Journal of the American Heart Association 2017 09 216(9) pii e006175
The inability to communicate effectively in a common language can jeopardize clinicians’ efforts to provide quality patient care. Professional medical interpreters (PMIs) can help provide linguistically appropriate health care, in particular for the >25 million Americans who identify speaking English less than very well. We aimed to evaluate the relationship between use of PMIs and quality of acute ischemic stroke care received by patients who preferred to have their medical care in languages other than English.
METHODS AND RESULTS
We analyzed data from 259 non-English-preferring acute ischemic stroke patients who participated in the American Heart Association Get With The Guidelines-Stroke program at our hospital from January 1, 2003, to April 30, 2014. We used descriptive statistics and logistic regression models to examine associations between involvement of PMIs and patients’ receipt of defect-free stroke care.
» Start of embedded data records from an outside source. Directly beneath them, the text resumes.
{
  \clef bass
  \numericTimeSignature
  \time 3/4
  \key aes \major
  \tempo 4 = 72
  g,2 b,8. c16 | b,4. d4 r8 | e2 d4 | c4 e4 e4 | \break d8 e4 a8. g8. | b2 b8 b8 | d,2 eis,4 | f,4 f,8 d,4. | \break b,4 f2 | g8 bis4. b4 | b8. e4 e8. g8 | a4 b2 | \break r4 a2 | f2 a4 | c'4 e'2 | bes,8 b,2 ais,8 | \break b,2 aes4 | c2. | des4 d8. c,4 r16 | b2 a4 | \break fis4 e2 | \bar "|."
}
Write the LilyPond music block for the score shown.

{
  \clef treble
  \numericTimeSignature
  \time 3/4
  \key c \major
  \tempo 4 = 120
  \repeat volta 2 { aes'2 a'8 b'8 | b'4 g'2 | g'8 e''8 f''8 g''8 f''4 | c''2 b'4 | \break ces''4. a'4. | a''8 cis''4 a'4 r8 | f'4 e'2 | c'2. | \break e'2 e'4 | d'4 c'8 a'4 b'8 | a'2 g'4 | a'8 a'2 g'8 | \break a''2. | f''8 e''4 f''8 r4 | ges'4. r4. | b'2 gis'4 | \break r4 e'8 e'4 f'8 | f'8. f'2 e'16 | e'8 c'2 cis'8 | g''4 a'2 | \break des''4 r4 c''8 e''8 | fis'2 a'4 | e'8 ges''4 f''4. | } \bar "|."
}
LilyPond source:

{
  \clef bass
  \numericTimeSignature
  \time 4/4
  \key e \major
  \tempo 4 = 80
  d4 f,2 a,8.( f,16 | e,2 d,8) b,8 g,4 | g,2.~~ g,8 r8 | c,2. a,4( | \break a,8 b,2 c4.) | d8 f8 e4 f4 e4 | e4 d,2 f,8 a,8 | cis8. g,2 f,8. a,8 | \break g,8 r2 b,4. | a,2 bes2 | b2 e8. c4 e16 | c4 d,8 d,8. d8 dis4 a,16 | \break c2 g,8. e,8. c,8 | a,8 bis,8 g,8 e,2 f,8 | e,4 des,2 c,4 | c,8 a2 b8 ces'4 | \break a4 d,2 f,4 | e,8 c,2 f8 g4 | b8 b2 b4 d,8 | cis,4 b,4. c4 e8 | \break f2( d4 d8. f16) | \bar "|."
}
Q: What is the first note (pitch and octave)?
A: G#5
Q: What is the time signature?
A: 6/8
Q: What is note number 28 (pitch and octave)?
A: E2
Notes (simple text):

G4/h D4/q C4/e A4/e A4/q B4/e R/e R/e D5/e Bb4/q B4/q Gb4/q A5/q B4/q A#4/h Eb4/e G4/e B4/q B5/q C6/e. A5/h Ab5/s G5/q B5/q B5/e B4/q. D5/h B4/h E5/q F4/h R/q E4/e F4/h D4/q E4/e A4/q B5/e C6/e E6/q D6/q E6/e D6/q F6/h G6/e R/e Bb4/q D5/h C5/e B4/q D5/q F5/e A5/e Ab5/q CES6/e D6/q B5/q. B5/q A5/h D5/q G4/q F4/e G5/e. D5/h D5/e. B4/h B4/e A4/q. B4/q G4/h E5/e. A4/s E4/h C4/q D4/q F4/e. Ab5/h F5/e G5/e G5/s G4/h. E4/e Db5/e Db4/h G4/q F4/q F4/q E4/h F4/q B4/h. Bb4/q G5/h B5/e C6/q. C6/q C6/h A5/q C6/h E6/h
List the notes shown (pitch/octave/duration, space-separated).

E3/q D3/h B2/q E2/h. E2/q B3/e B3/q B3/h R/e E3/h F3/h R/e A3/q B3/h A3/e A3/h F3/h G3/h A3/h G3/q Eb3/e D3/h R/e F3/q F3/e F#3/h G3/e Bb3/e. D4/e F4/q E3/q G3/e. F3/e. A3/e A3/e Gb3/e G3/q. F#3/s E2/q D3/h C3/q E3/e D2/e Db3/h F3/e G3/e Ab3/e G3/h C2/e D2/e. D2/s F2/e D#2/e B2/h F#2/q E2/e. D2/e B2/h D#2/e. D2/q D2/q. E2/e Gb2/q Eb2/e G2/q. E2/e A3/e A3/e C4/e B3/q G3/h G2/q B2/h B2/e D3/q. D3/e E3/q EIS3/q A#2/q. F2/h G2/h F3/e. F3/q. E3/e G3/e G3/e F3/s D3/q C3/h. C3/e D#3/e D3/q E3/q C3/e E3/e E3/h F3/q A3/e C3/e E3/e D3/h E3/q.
A total of 147 of 259 (57%) non-English-preferring patients received PMI services during their hospital stays. Multivariable analyses adjusting for other socioeconomic factors showed that acute ischemic stroke patients who did not receive PMIs had lower odds of receiving defect-free stroke care (odds ratio: 0.52; P=0.04).
Our findings suggest that PMIs may influence the quality of acute ischemic stroke care.